Le bonheur des uns fait souvent le malheur des autres. Cette phrase, hélas, vaut aujourd’hui pour les Arméniens, confrontés depuis plusieurs jours à une nouvelle reprise des bombardements de l’Azerbaïdjan dans la région disputée du Nagorno-Karabakh (ou Haut-Karabakh). L’Arménie, protégée par la Russie, avait déjà dû abandonner en 2020 une partie de ce territoire conquis par ses troupes au début des années 1990, lors de la désintégration de l’ex-URSS, alors qu’il appartenait officiellement à l’Azerbaïdjan voisin.

Il y a deux ans, le rapport de force s’était en effet inversé. Soutenu militairement par la Turquie qui avait équipé son armée de drones, l’Azerbaïdjan avait repris le dessus, jusqu’à la signature d’un cessez-le-feu en novembre 2020, garanti ensuite par le déploiement d’environ 2000 Casques bleus russes. Des pourparlers de paix avaient ensuite eu lieu à Bruxelles, sous l'égide de l'Union européenne. La dernière session s'étaient achevée sans résultat fin août.

L’Arménie, enclavée et désavantagée

Le problème, pour l’Arménie enclavée, est que depuis deux ans, le rapport de forces s’est encore plus dégradé en faveur de son adversaire, devenu l’un des fournisseurs de gaz les plus courtisés par l’Union européenne. Le fait que les canons azerbaïdjanais aient repris leur pilonnage n’est donc pas surprenant.

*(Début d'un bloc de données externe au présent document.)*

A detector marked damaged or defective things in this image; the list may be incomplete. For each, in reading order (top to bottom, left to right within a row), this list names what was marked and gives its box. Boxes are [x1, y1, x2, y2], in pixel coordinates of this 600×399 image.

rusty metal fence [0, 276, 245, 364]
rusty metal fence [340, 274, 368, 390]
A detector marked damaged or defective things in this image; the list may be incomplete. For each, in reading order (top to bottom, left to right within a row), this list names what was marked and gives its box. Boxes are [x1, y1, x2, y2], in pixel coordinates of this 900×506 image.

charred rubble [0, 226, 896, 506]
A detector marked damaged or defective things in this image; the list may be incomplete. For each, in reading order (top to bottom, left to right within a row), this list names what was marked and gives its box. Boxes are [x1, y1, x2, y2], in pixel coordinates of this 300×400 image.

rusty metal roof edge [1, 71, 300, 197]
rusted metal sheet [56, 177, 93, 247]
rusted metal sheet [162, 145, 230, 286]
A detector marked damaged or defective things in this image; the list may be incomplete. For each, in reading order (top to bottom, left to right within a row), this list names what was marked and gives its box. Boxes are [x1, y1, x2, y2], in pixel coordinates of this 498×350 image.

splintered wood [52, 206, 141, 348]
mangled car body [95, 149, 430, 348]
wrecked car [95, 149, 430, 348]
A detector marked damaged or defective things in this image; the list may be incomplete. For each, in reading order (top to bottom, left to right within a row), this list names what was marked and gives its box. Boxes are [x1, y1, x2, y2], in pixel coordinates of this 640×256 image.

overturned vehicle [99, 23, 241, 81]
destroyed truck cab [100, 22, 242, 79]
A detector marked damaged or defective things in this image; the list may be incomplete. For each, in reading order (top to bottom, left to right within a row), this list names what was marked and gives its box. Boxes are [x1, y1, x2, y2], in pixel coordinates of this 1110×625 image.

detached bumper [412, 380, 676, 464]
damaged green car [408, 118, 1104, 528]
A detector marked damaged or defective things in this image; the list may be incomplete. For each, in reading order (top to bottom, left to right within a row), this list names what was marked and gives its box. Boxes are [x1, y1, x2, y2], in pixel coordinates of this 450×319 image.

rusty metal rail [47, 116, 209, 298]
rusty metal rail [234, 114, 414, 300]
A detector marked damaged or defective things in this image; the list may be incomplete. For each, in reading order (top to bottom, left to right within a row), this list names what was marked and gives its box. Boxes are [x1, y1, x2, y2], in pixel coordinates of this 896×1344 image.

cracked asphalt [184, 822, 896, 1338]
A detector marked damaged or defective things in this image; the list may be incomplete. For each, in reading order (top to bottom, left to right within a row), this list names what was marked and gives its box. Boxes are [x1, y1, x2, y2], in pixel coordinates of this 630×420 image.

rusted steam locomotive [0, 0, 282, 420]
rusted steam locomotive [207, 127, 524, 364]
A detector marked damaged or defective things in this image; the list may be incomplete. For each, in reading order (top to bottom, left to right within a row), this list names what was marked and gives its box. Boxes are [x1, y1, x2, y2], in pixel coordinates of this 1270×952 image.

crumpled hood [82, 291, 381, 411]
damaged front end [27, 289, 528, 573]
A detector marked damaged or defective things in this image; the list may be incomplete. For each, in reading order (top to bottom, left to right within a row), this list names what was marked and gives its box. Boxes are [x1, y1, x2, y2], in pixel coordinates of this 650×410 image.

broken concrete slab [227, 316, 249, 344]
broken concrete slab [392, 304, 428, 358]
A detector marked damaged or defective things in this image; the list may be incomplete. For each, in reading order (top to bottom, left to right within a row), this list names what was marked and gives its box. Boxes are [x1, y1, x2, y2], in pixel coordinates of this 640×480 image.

Les bombardements azerbaïdjanais, qui ont repris dans la région du Haut Karabakh depuis le dimanche 11 septembre, ne sont pas surprenants. Soutenus par la Turquie, l'Azerbaïdjan sait pouvoir profiter de la passivité de l'Union européenne, qui dépend de son gaz.
Photo: DUKAS

Fort de ses gisements de gaz et de pétrole de la mer Caspienne, exploités entre autres par le géant Socar, qui possède un très profitable réseau de stations-service en Suisse, l’Azerbaïdjan a aujourd’hui un triple avantage: la Turquie le soutient sans faille, la Russie est en difficulté pour faire appliquer le cessez-le-feu après son agression contre l’Ukraine, et l’Union européenne a un besoin crucial de ses hydrocarbures, acheminés par un gazoduc relié à l’Italie via l’Adriatique.

Un renversement total

Le renversement est total. Hier, l’Arménie pouvait compter sur le soutien de son influente diaspora, longtemps représentée à Genève par son plus célèbre ambassadeur, le chanteur franco arménien Charles Aznavour, décédé le 1er octobre 2018. Les Arméniens disposaient en plus d’une arme morale massive: la mémoire du génocide perpétré contre eux par les Turcs en 1915, qui fit entre 1,2 et 1,5 million de morts.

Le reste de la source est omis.